The Italian Space Agency announced Wednesday that researchers have detected signs of a large, stable body of liquid water locked away beneath a mile of ice near Mars’ south pole. The observations were recorded by the Mars Advanced Radar for Subsurface and Ionosphere Sounding instrument—Marsis for short.
“Marsis was born to make this kind of discovery, and now it has,” says Roberto Orosei, a radioastronomer at the National Institute for Astrophysics, who led the investigation. His team’s findings, which appear in this week’s issue of Science, raise tantalizing questions about the planet’s geology—and its potential for harboring life.
Marsis collected its evidence from orbit, flying aboard the European Space Agency’s Mars Express spacecraft. It works by transmitting pulses of low-frequency electromagnetic waves toward the red planet.

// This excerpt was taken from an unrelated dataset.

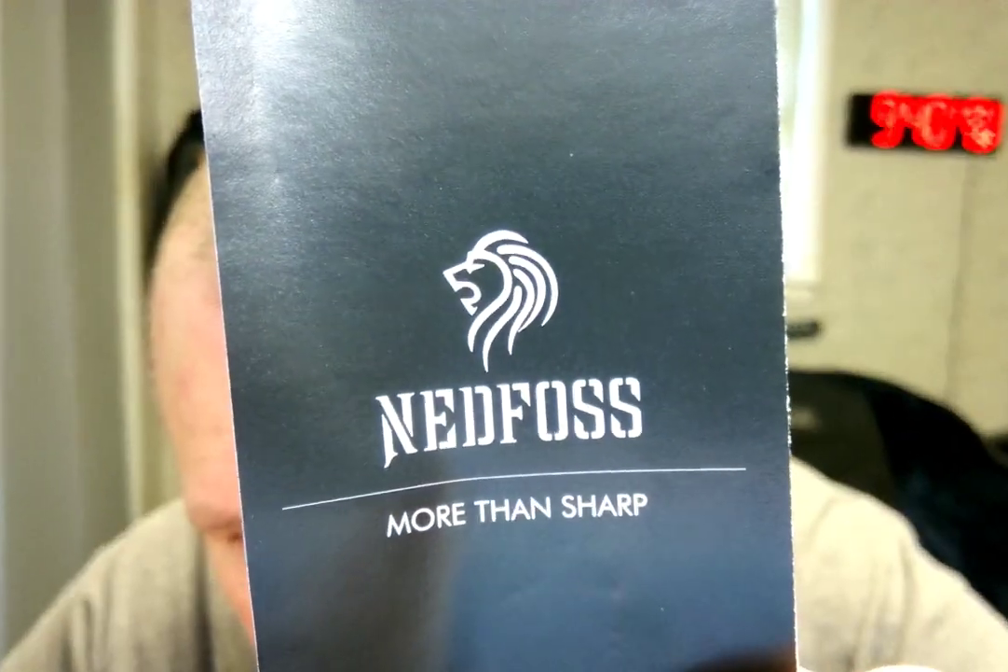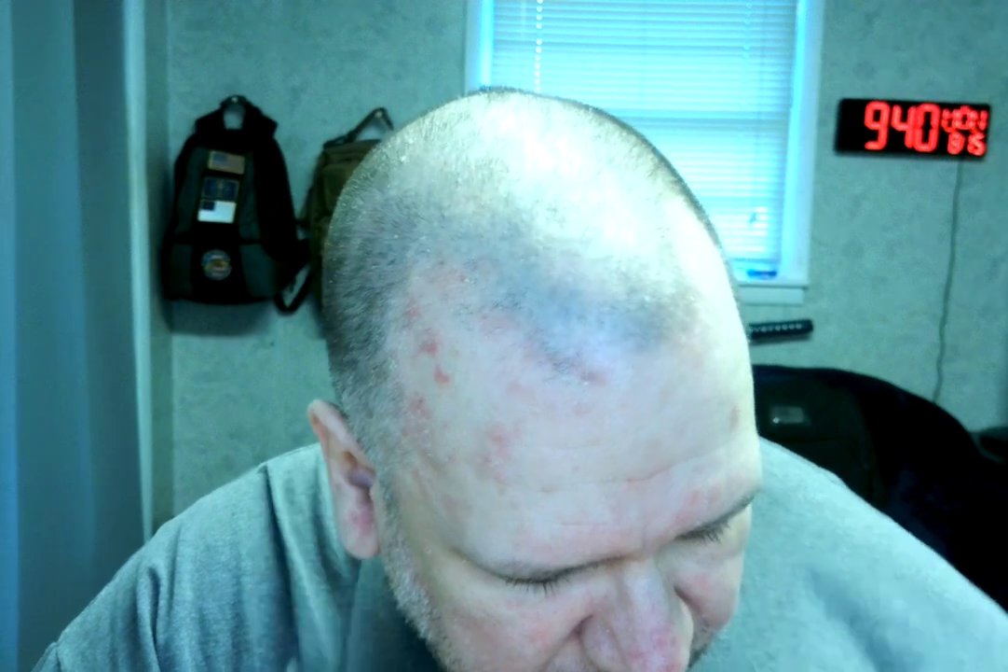Let's see if I can get that in focus for you. There we go. 'More Than Sharp.' It says it on that side. I assume it may say something in a different language on the other side. And then we have — very nice.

National Geographic reports:
The Mars Express team compares the discovery to lakes tucked beneath the ice sheets of Greenland and Antarctica, which are sometimes huge and certainly more than capable of hosting life as we know it.
But not everyone is convinced that the “lake” is actually a lake. Even according to the team, it could instead be a deposit of dampened sludge, more like muddy sediments than a pocket filled with liquid. Determining the exact nature of the structure will require a different instrument, Pettinelli says.
“We can’t choose between one or the other. We don’t have enough information to say this is a lake or saturated sediment like an aquifer,” Pettinelli says. “The lake will be more interesting.”